Dalam rangka memperingati Hari Bumi, Hari Hutan Internasional dan Hari Air Sedunia yang bertema Bertema Geopark, memaksimalkan potensi produk hasil hutan non kayu kawasan pengunungan meratus, Universitas Nahdlatul Ulama Kalimantan Selatan menyelenggarakan Diskusi Lingkungan dengan narasumber dari Dinas Kehutanan Prov Kalsel yakni Saberansyah, S.Hut yang bertempat di Universitas Nahdlatul Ulama Kalimantan Selatan Jl. A. Yani KM.12,5 Gambut Kabupaten Banjar.

Dalam paparannya Saberansyah mengatakan Hari Bumi menjadi tema yang menarik untuk mendukung konsep pembangunan ekonomi hijau (green economy development) sebagai jawaban bahwa bumi telah memberi servis lingkungan dan kebutuhan hidup kepada seluruh makluk hidup dengan cuma-cuma. Sementara manusia sebagai khalifah bumi justru telah merusak instalasi raksasa bumi dalam menyediakan oksigen, air, pangan, pakan pupuk, obat, temperatur, dan sumber kehidupan lain.

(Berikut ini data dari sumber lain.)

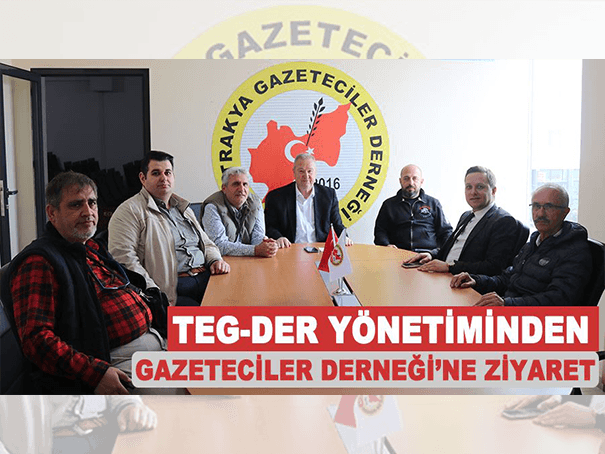 Tekirdağ Gelişim Derneği Olarak Trakya Gazeteciler Derneği Ziyaretimiz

Karena itu, imbuhnya, upaya perbaikan kualitas lingkungan hidup di bumi perlu kontribusi yang nyata dari berbagai pihak dalam hidup keseharian. Kuncinya, setiap manusia perlu membuat harmoni dengan bumi, sehingga bumi senantiasa menyediakan air, udara, kelembaban, temperature dan penopang kehidupan yang sesuai dengan jumlah dan kualitas yang dibutuhkan.

Melalui beliau juga, Kadishut DR. Hanif Faisol Nurofiq, S.Hut, MP menyampaikan kebijakan strategis Dishutprov terkait pengembangan HHBK di Kalsel yang antara lain pengembangan budidaya dan diversifikasi tanaman bambu, kayu manis, madu kelulut, sereh wangi, kemiri dan jengkol. Kemudian tentang kebijakan 36 geosite yang ada dalam Geopark Meratus akan dijadikan destinasi wisata serta tentang pemberdayaan masyarakat dalam mengelola hutan dengan skema perhutanan sosial.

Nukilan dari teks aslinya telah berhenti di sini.